*DATA SECTION*:
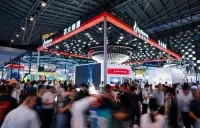 中国AI企業「燧原科技（Enflame）」、IPO登録申請が承認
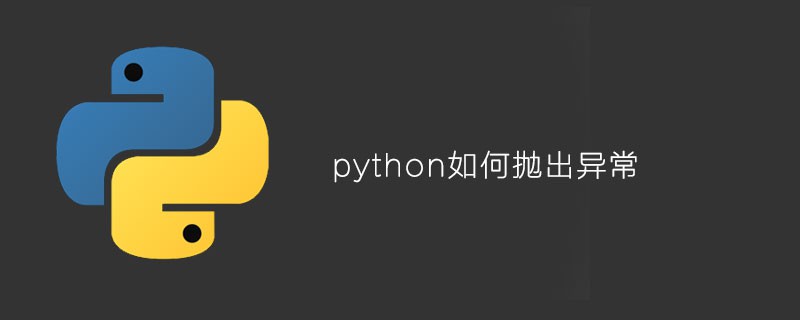 Python抛出异常后如何接住 Python如何抛出异常 Weixin 3970的博客 Csdn博客 Python抛出异常后如何接住 Python如何抛出异常 Weixin 3970的博客 Csdn博客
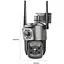IP камера видеонаблюдения RIAS SC03-4G Wi-Fi 2 объектива 4MP+4MP уличная с удаленным доступом - миниатюра 3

*WHAT IS BEING ASKED*: Give the complete material again, exactly as written. Do not include the pictures.

*EXERCISE OUTPUT*:
 中国AI企業「燧原科技（Enflame）」、IPO登録申請が承認
 Python抛出异常后如何接住 Python如何抛出异常 Weixin 3970的博客 Csdn博客 Python抛出异常后如何接住 Python如何抛出异常 Weixin 3970的博客 Csdn博客
IP камера видеонаблюдения RIAS SC03-4G Wi-Fi 2 объектива 4MP+4MP уличная с удаленным доступом - миниатюра 3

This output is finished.